Der Reifen kostete Dani Pedrosa in Aragon den Kampf um den Sieg, Foto: Offizieller Dani Pedrosa Fanclub/Facebook
Der Reifen kostete Dani Pedrosa in Aragon den Kampf um den Sieg, Foto: Offizieller Dani Pedrosa Fanclub/Facebook

Dennoch setzen die Fahrer sie kaum ein. Im ersten Training in Mugello herrschten zum Beispiel perfekte Intermediate-Bedingungen. Dennoch sagte etwa Marc Marquez, dass er nicht der Erste sein wollte, der diesen Reifen testet und deshalb erst gar nicht raus fuhr. Wieso verschmähen die Fahrer diesen Reifen?
Nicolas Goubert: Die Piloten kennen den Reifen leider noch nicht. Generell ist es sehr schwierig, unter Intermediate-Bedingungen eine MotoGP-Maschine um eine Strecke zu bugsieren. Da lässt sich niemand auf gefährliche Spielchen ein, erst recht nicht, wenn es sich um ein Training handelt. Ich kann mir aber durchaus vorstellen, dass wir diesen Reifen in den kurzen Qualifyings unter den entsprechenden Bedingungen noch sehen werden. Das Problem in Rennen mit schlechter Wetterprognose ist hingegen, dass man ja nur zwei Motorräder zur Verfügung hat und im Regelfall eines mit Trocken- und das andere mit Regen-Setup. Auf welches sollte man also den Intermediate aufziehen?

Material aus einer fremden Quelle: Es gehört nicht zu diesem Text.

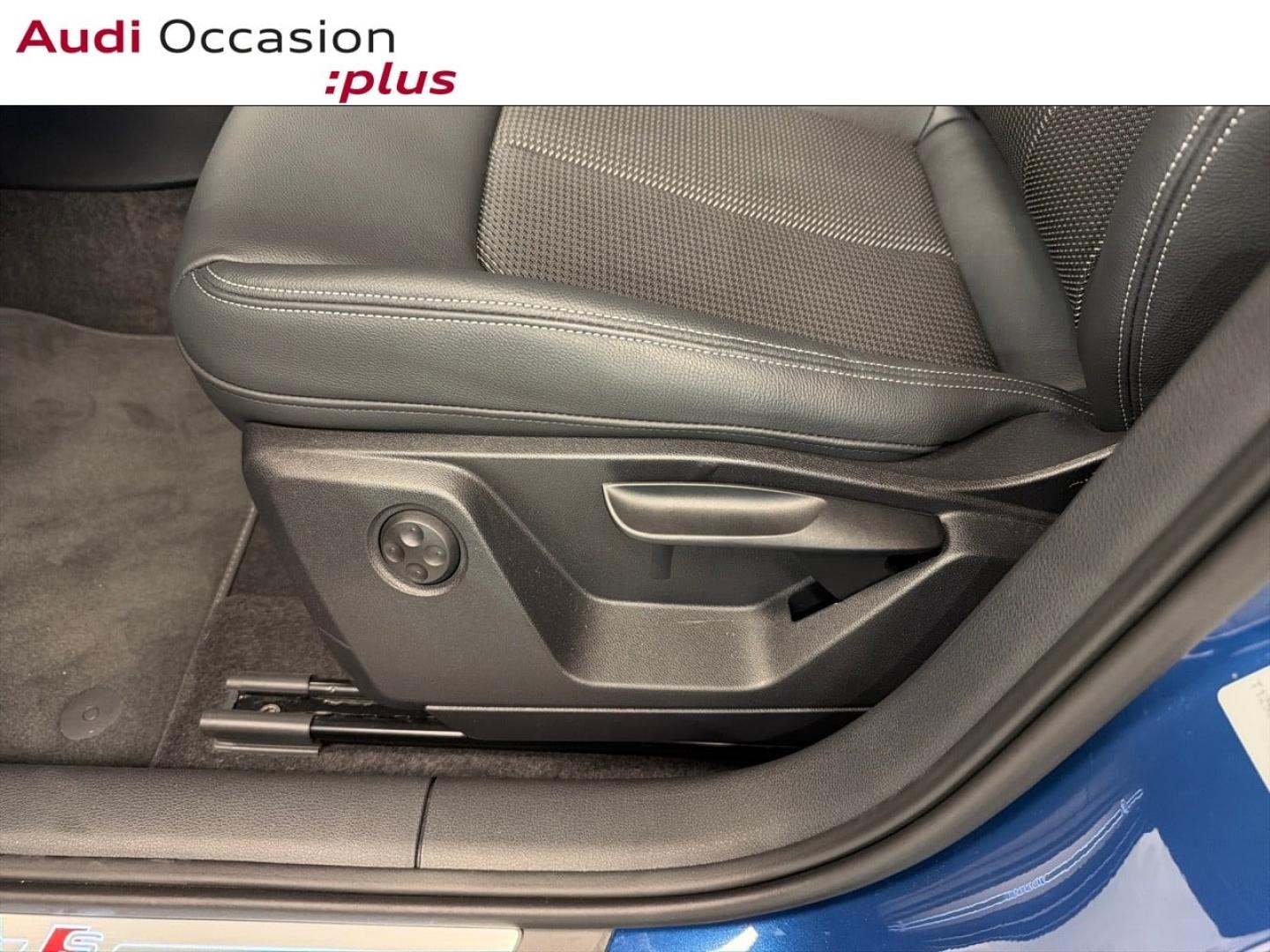 Voitures occasions Audi Q2 S line Plus Orvault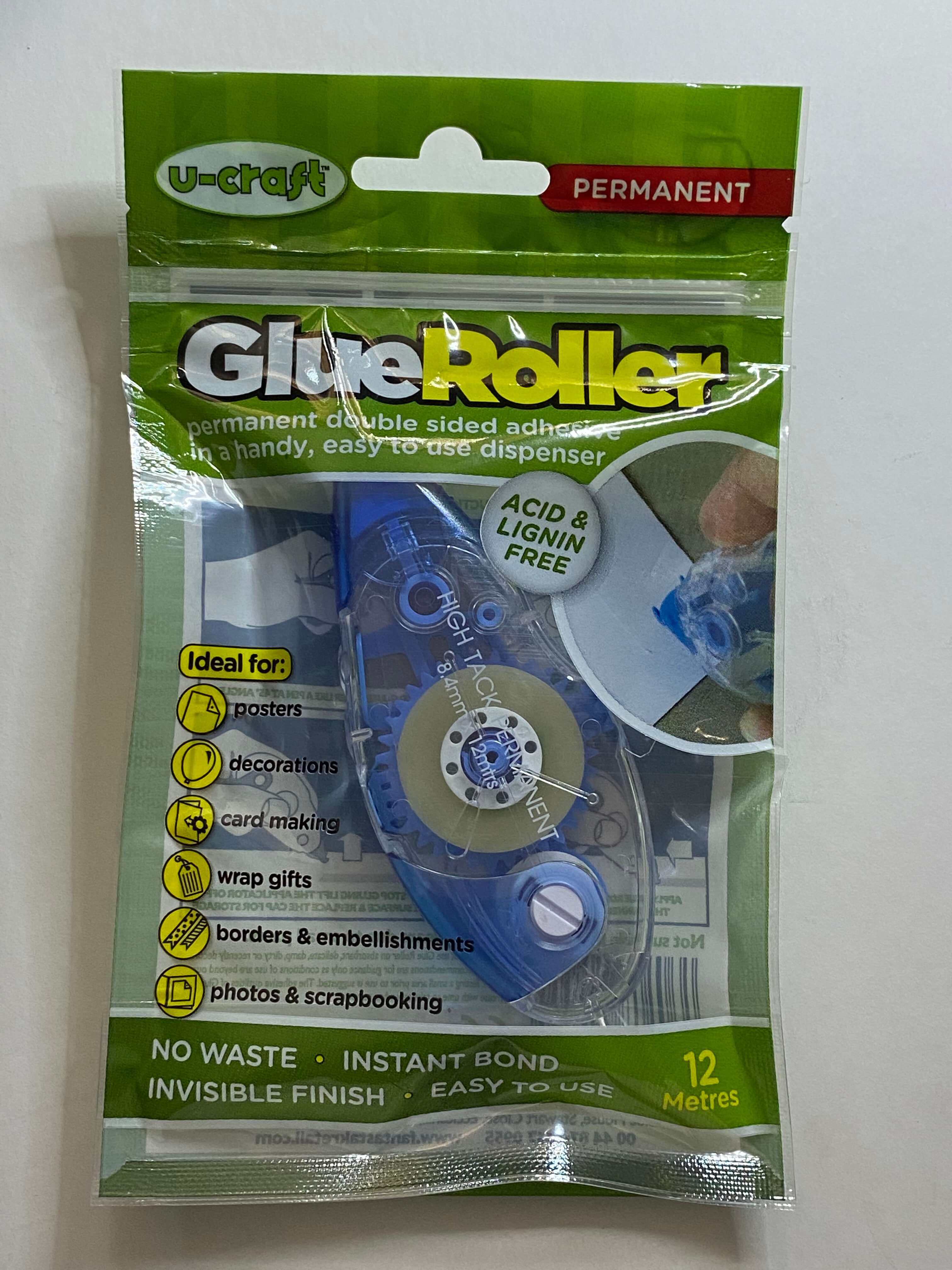 U-Craft Glue Roller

Bei der Forderung nach Intermediates hat die Dorna die Rechnung wohl ohne den Wirt gemacht - in diesem Fall also die Fahrer. Wie wichtig ist das Feedback der Fahrer bei der Weiterentwicklung der Reifen? Ist das persönliche Feedback wichtiger oder die reinen Daten, die Michelin ohnehin selbst sammelt?
Nicolas Goubert: Für uns ist das Feedback der Fahrer definitiv wichtiger. Beim Motorradfahren hat das subjektive Empfinden eines jeden Einzelnen sofort Einfluss auf die Rundenzeit. Wenn sich ein Fahrer auf seinem Bike nicht sicher fühlt, kann er auch nicht schnell sein. Wir nehmen uns die Rückmeldungen aller Fahrer daher sehr zu Herzen, müssen aber in einem zweiten Schritt natürlich in den Daten nachschauen, ob wir erkennen können, was der Fahrer gemeint hat. Für uns hängt die Entwicklung der Reifen von einem Zusammenspiel der Faktoren Profil, Innenkonstruktion und Gummibelag ab. Das müssen wir unter einen Hut bekommen und das geht am Ende ohnehin nur mit einem Kompromiss aus allen drei Faktoren.

Welche Headline würden Sie gerne am Ende der Saison über Michelin lesen?
Nicolas Goubert: Michelin 2016 - ein geglücktes Comeback!